Guncangan kuat ini tidak hanya menghancurkan infrastruktur di Myanmar, tetapi juga terasa hingga negara-negara tetangga seperti Thailand, China, Bangladesh, Vietnam, Laos, dan India.
Kerusakan Meluas di Seluruh Myanmar
Kehancuran yang disebabkan gempa ini begitu besar. Ribuan bangunan roboh, jembatan runtuh, dan jalan-jalan utama retak hingga melengkung di berbagai wilayah Myanmar.
Mandalay, kota terbesar kedua di Myanmar dengan lebih dari 1,7 juta penduduk, menjadi salah satu daerah yang mengalami kerusakan paling parah.
Banyak rumah dan fasilitas umum hancur, membuat ribuan orang kehilangan tempat tinggal dalam sekejap.
Selain Mandalay, wilayah lain seperti Sagaing dan beberapa kota di bagian tengah Myanmar juga mengalami kehancuran hebat.
Banyak laporan menyebutkan adanya tanah longsor yang memperburuk situasi, menyebabkan akses menuju beberapa daerah terputus.
Ribuan Korban Jiwa dan Cedera
Jumlah korban jiwa akibat gempa Myanmar ini terus meningkat. Menurut laporan Kompas.com, setidaknya 1.002 orang tewas dan 2.400 lainnya mengalami luka-luka.
Banyak korban tertimpa reruntuhan bangunan, sementara tim penyelamat masih terus bekerja keras mencari korban yang terjebak.
Situasi ini semakin menyulitkan upaya penyelamatan dan pemulihan pasca-gempa.
Dukungan dan Doa bagi Myanmar
Di tengah bencana yang melanda Myanmar, berbagai pihak telah mengulurkan bantuan, baik dari dalam negeri maupun dari komunitas internasional.

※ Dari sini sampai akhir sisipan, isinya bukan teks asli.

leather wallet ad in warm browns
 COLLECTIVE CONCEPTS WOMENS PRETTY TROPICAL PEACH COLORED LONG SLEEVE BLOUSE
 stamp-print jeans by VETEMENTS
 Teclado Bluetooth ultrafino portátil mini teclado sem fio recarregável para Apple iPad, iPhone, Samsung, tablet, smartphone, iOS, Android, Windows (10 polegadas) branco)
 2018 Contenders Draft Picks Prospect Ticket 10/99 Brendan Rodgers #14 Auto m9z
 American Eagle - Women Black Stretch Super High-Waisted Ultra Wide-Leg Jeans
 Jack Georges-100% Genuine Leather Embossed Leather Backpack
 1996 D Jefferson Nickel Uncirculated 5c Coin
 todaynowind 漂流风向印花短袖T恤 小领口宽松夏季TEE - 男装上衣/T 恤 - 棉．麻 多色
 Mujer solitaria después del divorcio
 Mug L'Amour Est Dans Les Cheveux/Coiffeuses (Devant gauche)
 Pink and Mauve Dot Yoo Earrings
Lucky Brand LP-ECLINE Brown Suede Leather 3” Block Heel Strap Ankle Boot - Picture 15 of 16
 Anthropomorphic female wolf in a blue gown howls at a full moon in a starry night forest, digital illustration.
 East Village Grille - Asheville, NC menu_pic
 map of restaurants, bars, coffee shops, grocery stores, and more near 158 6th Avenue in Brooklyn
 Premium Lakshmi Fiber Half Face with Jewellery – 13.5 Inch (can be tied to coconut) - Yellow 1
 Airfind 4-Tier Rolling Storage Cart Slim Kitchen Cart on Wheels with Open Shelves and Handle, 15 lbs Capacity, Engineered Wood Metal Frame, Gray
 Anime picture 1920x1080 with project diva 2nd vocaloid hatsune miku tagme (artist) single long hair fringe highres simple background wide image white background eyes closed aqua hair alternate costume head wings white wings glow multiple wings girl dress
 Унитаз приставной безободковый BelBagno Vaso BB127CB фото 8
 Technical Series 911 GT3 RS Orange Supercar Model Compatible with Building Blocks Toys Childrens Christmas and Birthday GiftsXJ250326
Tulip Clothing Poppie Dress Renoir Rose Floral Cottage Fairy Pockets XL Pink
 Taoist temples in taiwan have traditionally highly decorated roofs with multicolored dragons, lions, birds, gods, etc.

Namun, Myanmar masih membutuhkan bantuan lain: doa!
Mari kita berdoa agar Tuhan memberi kekuatan bagi para korban yang kehilangan orang yang mereka kasihi serta bagi tim penyelamat yang masih berjuang menyelamatkan nyawa.
Kiranya Tuhan memberikan pemulihan bagi negeri ini dan membangkitkan kepedulian di antara bangsa-bangsa.
Sebagai tubuh Kristus, mari kita menjadi tangan dan kaki Tuhan dengan berdoa dan memberi pertolongan bagi mereka yang membutuhkan.